## TASK INPUTS
▶
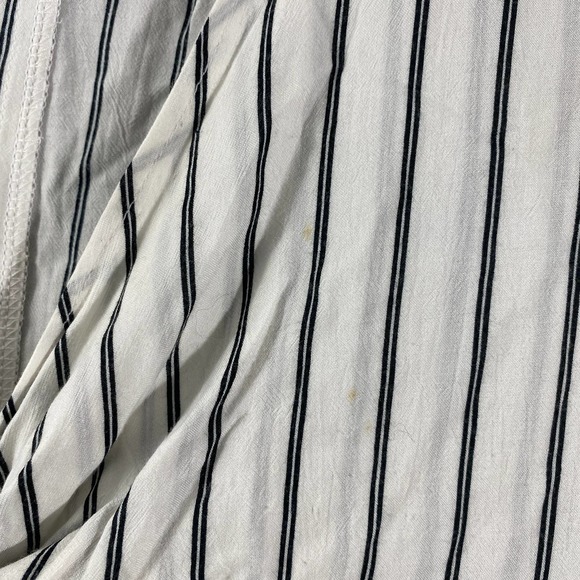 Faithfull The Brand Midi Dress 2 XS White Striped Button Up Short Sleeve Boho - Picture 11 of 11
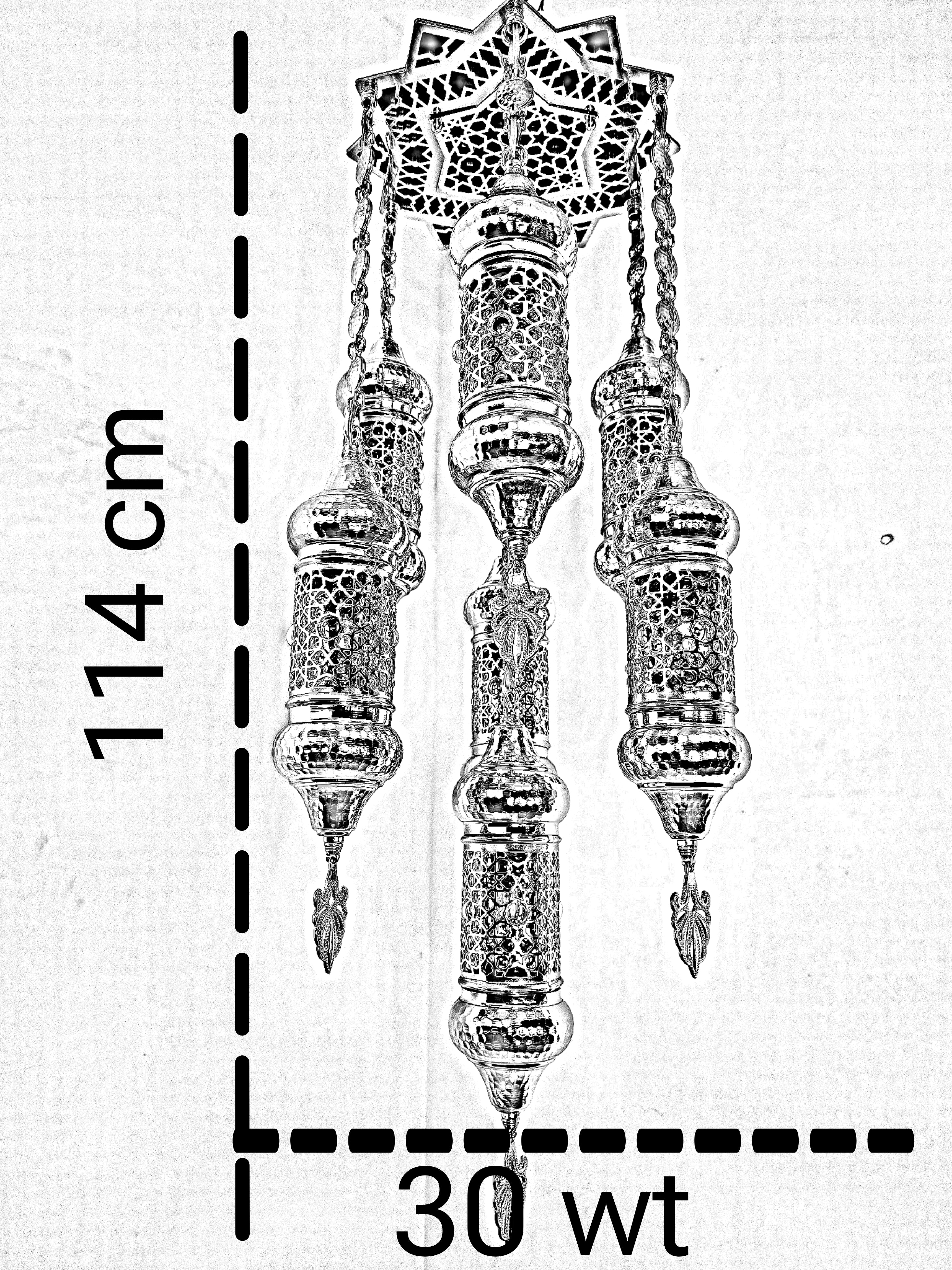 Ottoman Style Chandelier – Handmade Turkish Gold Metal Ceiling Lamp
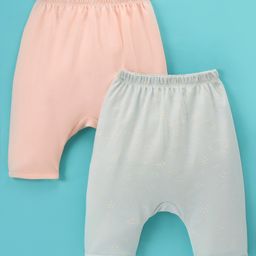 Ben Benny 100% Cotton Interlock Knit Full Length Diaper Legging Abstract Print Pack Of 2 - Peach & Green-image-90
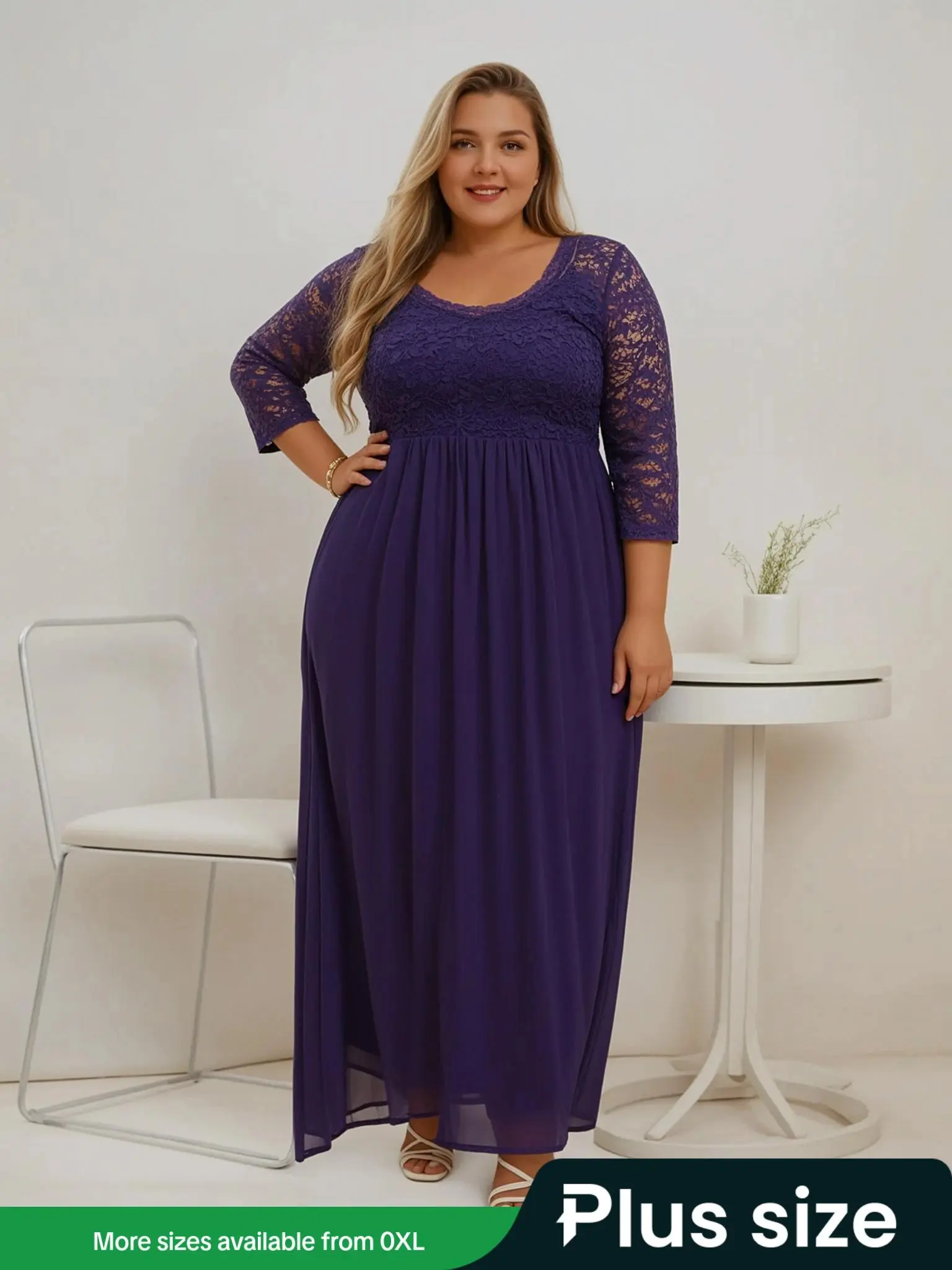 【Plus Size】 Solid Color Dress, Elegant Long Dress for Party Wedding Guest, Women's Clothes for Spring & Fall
◀
▶
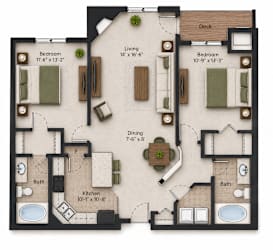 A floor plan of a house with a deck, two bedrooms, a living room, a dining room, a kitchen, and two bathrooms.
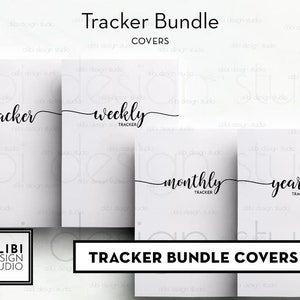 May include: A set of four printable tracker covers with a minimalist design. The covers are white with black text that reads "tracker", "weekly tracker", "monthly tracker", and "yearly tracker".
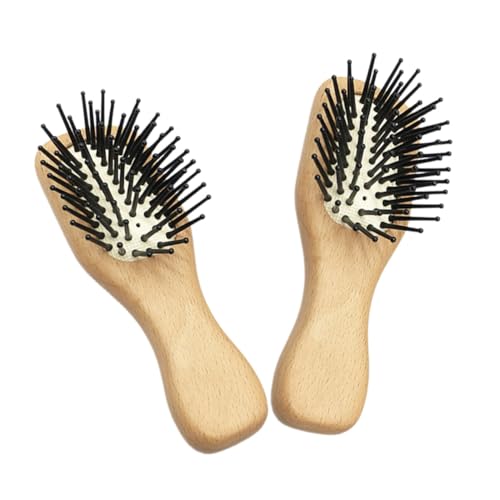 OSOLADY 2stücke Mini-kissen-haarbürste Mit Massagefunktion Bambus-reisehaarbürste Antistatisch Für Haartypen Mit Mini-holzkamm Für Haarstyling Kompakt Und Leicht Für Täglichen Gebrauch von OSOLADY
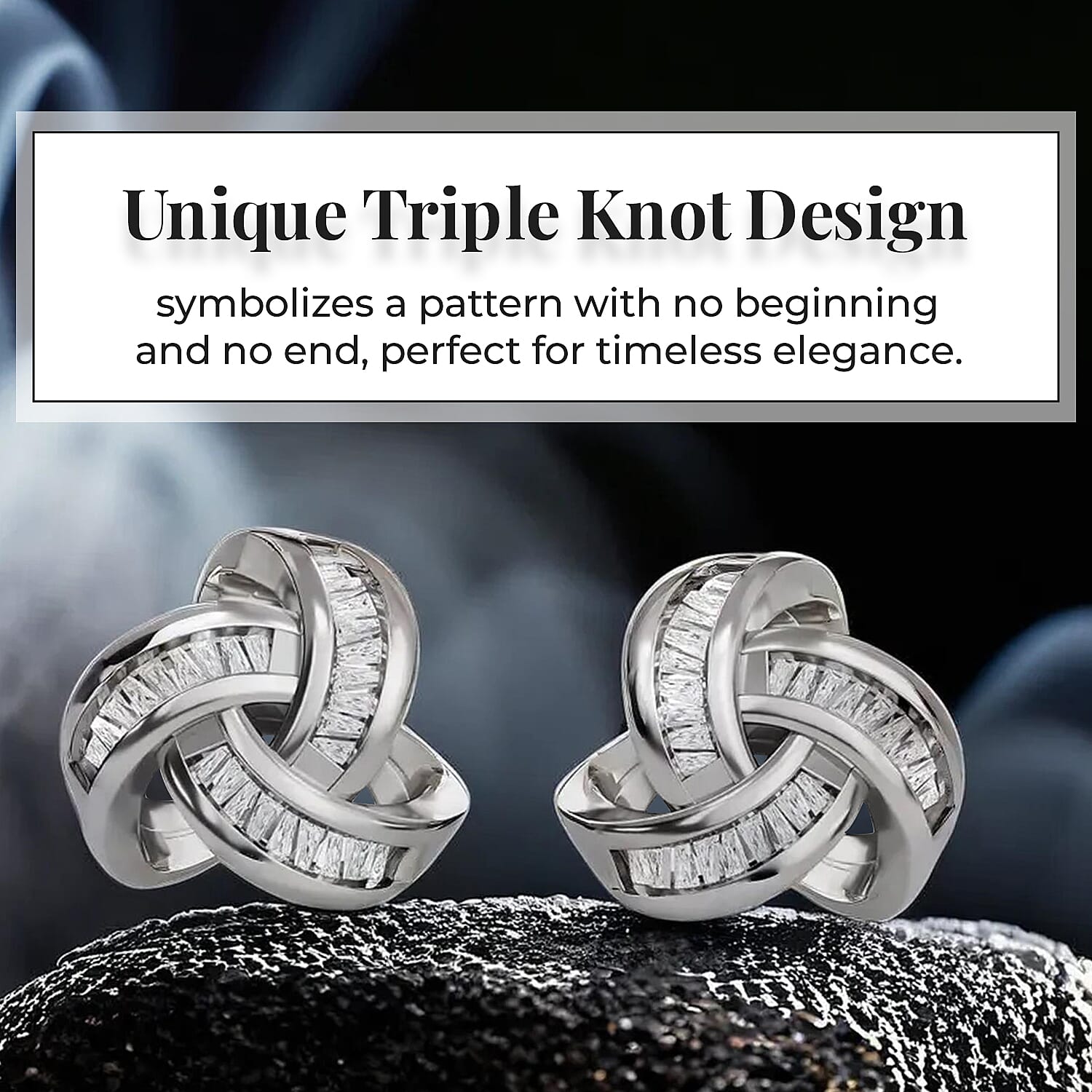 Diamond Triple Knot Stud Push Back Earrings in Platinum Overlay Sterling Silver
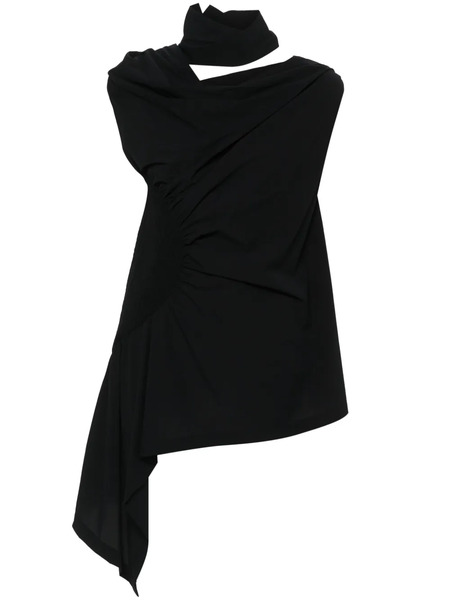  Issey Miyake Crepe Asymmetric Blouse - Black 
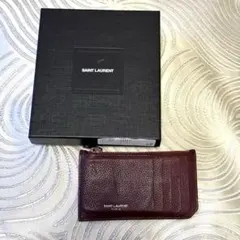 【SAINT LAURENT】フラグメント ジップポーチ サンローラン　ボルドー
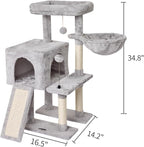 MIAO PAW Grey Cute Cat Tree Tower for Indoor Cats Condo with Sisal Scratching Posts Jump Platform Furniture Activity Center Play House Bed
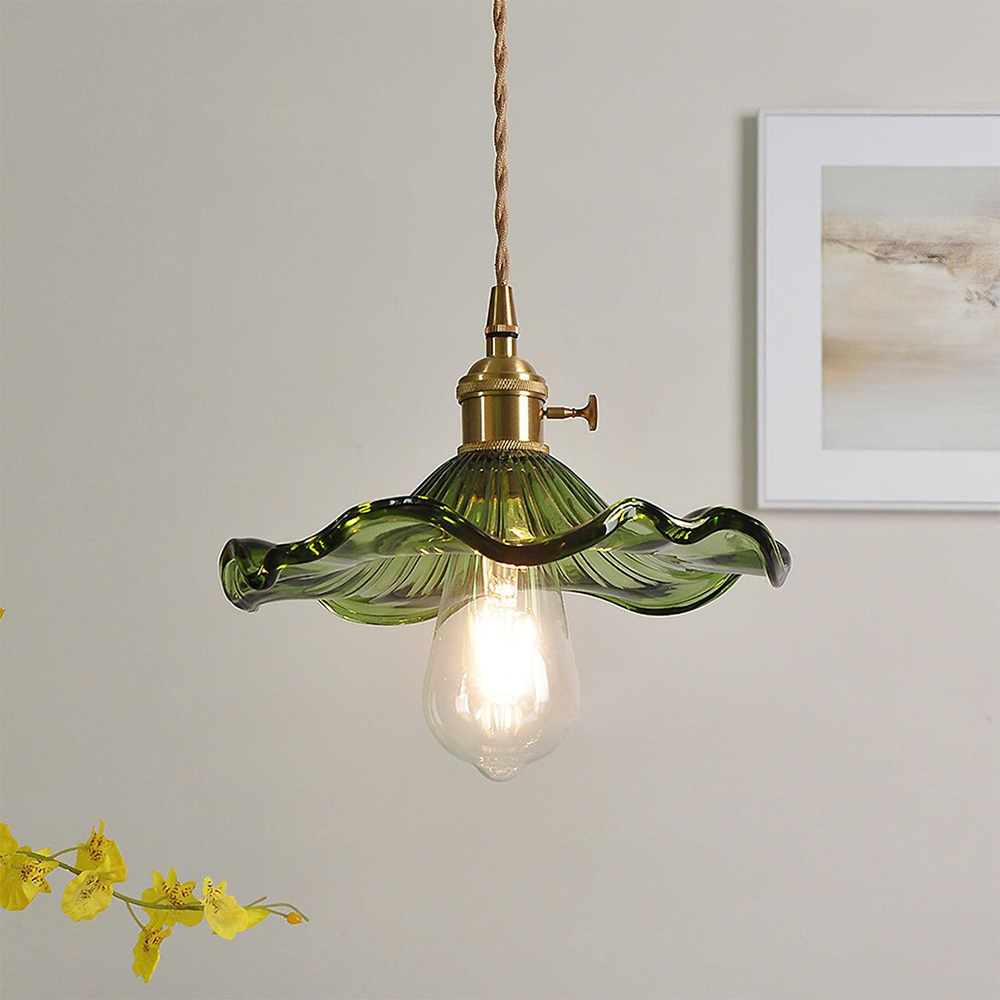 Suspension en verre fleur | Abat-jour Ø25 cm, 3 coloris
◀
▶
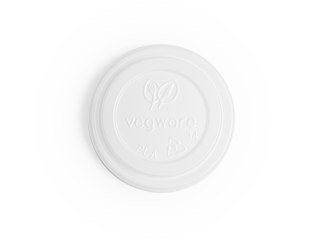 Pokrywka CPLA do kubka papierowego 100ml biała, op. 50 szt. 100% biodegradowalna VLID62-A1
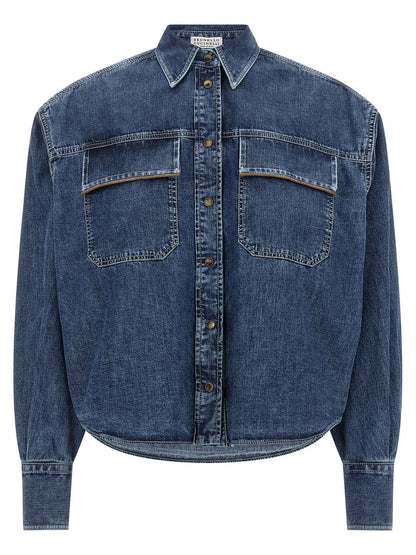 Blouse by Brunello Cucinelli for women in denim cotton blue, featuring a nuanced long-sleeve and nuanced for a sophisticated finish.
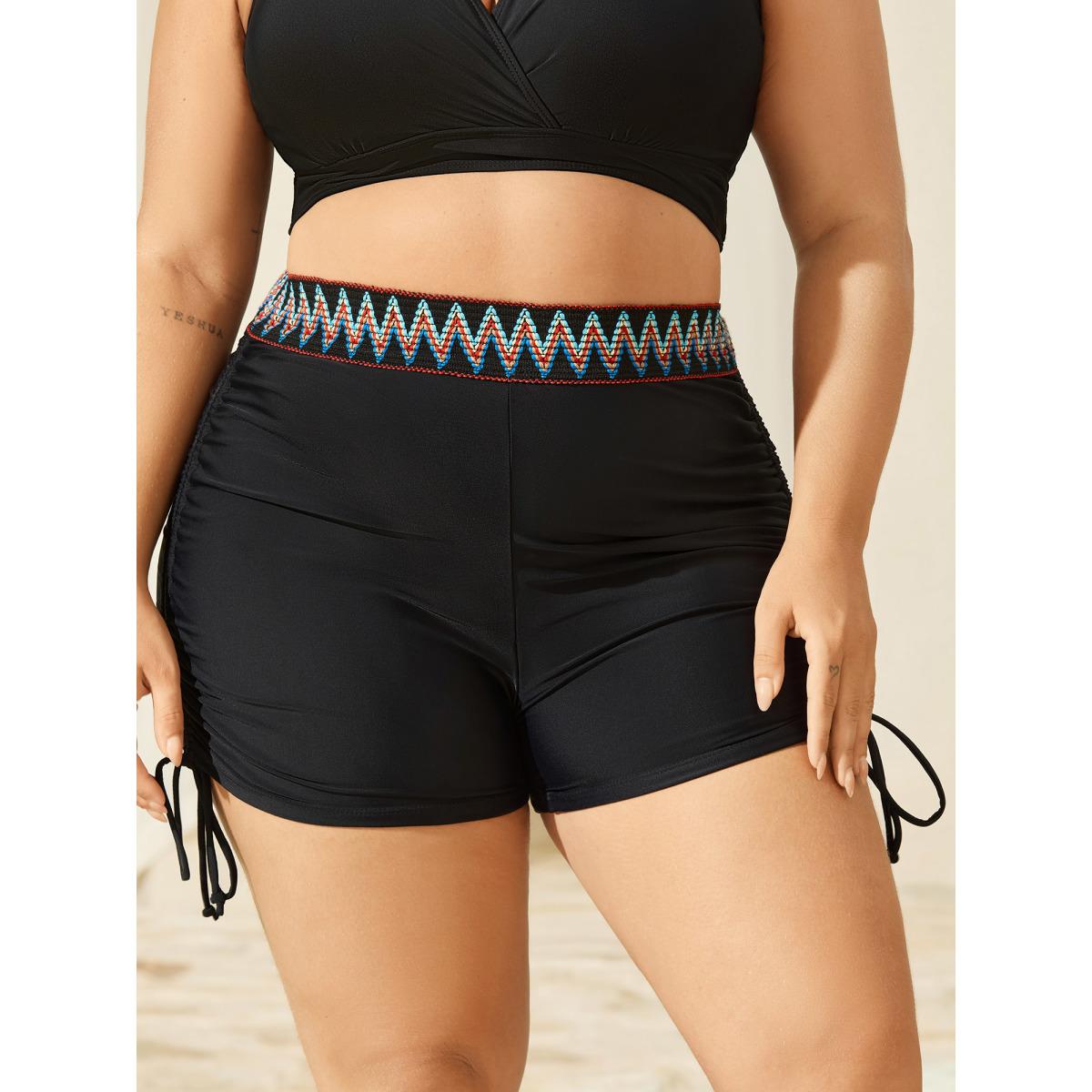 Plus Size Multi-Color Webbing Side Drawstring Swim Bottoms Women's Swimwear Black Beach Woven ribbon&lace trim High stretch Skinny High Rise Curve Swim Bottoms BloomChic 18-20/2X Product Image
◀
## TASK OBJECTIVE
Print the part of the listing above that opens with the line containing "Issey Miyake Crepe" and closes with the line containing "Suspension en verre". Copy it exactly, both ends included, and omit the pictures.

## WORKED SOLUTION
  Issey Miyake Crepe Asymmetric Blouse - Black 
 【SAINT LAURENT】フラグメント ジップポーチ サンローラン　ボルドー
 MIAO PAW Grey Cute Cat Tree Tower for Indoor Cats Condo with Sisal Scratching Posts Jump Platform Furniture Activity Center Play House Bed
 Suspension en verre fleur | Abat-jour Ø25 cm, 3 coloris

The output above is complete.